As I went about writing these columns, month on month in the early part of the millenium, I received tremendous encouragement and support from my father, Shri K. S. Srinivasan and also from husband, Shri Ravi Gopalan. They would painstakingly go through the draft, editing it, discuss various aspects with me, which was itself a very special experience that I really cherished. Similarly, the affection and the strength that I have got from my mother, Dr Rajalakshmi, and my mother-in-law Smt. Jyothi Gopalan, is something that I am very grateful for.

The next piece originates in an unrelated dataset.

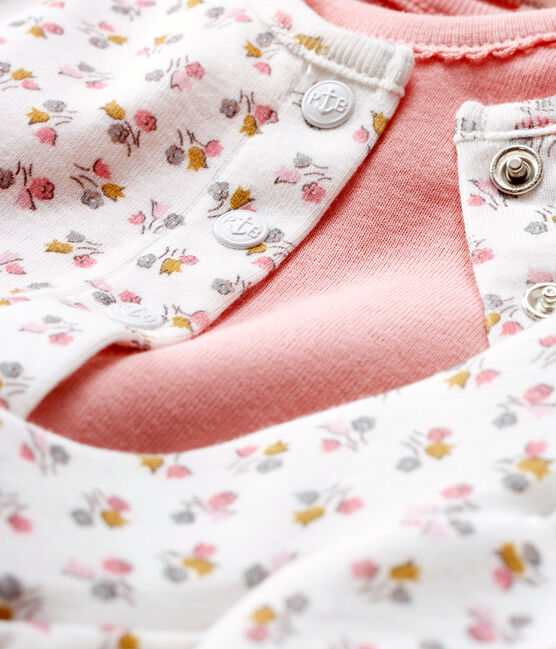 Ensemble trois pièces bébé fille en côte blanc MARSHMALLOW/blanc MULTICO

Looking back at those days, such an effort would not have been possible without the support and encouragement of these two angels, who have added so much life and meaning to our lives, our children, Adit and Krupa. They have also been helping me with re-reading and suggesting ideas for illustrations for this compilation.
I would like to record my special gratitude to Frontline magazine with its then chief, Mr N. Ram and the entire team there. They gave me this opportunity and platform to voice my thoughts in the column titled 'Silver Lining'. The exercise of writing a column each month was quite a daunting one, especially since it brought in a regularity and systematic approach to my writing. I did not realise this but over the years was often pleasantly surprised by the number and range of people, often, in the most unexpected times, mentioning that they had read the column and shared some of their thoughts on this. While these columns were written some years ago, they have almost got a rebirth with the special efforts and hand holding of the wonderful team at Orient Black Swan, which has been very helpful and patient. Of the many sons and daughters of India, there are some living legends that have greatly inspired us and transformed the nation with their ideas and work. I feel extremely priviledged that Shri Sam Pitroda, who belongs to this category, has written the foreword to this book. I am grateful to him for his kind words and faith in the immense possibilities that the civil servants of the nation hold.
Silver Trellis was originally the term coined to describe the compilation. It has an added significance as most of these narratives are based in Gujarat. And, Ahmedabd, the main city of Gujarat is especially famous for the jali or trellis of Sidi Saiyad. This has come to be the signature of the world famous Indian Institute of Management at Ahmedabad (IIMA).
If there are parts of the book readers do not like, it would be, I believe a reflection of my incompetence or inability. On the other hand, if there are parts of the book that readers like, it is due to the people in the stories as also in my life who have made them nice!
I firmly believe that virtually any task and every moment is only possible due to the boundless grace and love of the Divine Mother. I pray to her to continue to hold my hand through every nook and corner in every moment of this life.